The Feast of the Conscience – Lazar Puhalo
Let us think of today as the feast of the conscience, because our conscience is our judge.
The holy fathers tell us that even on Judgment Day when the Lord is present, our conscience will be our judge. When we behold the glory and the love of our Lord Jesus Christ, healing all things, our conscience will tell us whether we’re sheep or goats, to the right or to the left. Our conscience stands forth, either excusing or accusing us, on the day when the secrets of man's heart are revealed.
If you think a little bit about it—how often our conscience challenges our thoughts and our actions, and how often we, with our free will decide to override our conscience—or how often we’re tempted to do something, and our conscience tells us that one we dearly love is going to be hurt if we take that action. So, both our love and the work of conscience turns us back, and we do not commit that sin.
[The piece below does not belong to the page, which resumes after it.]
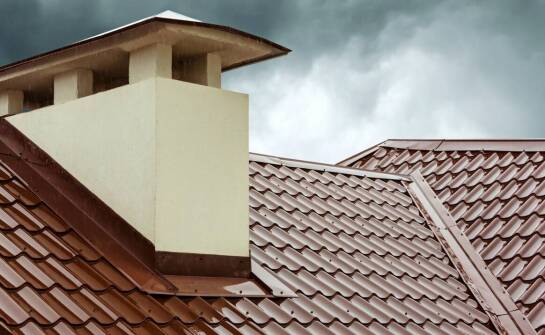 Dlaczego blachodachówka jest popularnym wyborem w regionach z dużą wilgotnością?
We know that if we override our conscience too often—when it warns us about a certain deed— we can develop an addiction. For an addiction is really when our will and desire overrules our conscience. Once we do it a few times, then we will do it continuously so that becomes an addiction. In this life and through the great fast, the Great Lent, this is when we struggle to give our conscience the highest voice, the loudest voice. We’re struggling through Great Lent toward the purification of our conscience—to bring the heart and our conscience and the community in accord with one another.
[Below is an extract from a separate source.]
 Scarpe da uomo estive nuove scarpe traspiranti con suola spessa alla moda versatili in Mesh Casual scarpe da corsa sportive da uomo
Remember that your conscience is your judge when you depart this life.
Sometimes we call it "the partial judgment." It simply means that your conscience informs you of how you stand in the face of the love and glory of Jesus Christ.
The minute you depart this life, your conscience rehearses before you all the negative things all the positive things and lets you know what judgment you face on the day of the Resurrection. And on that day, when there's nothing to be seen except the love and glory of our Lord Jesus Christ, like a river of fire that flows in our midst, your conscience will tell you, “You are on the left side of the river of fire or over on the right side of the river of fire.”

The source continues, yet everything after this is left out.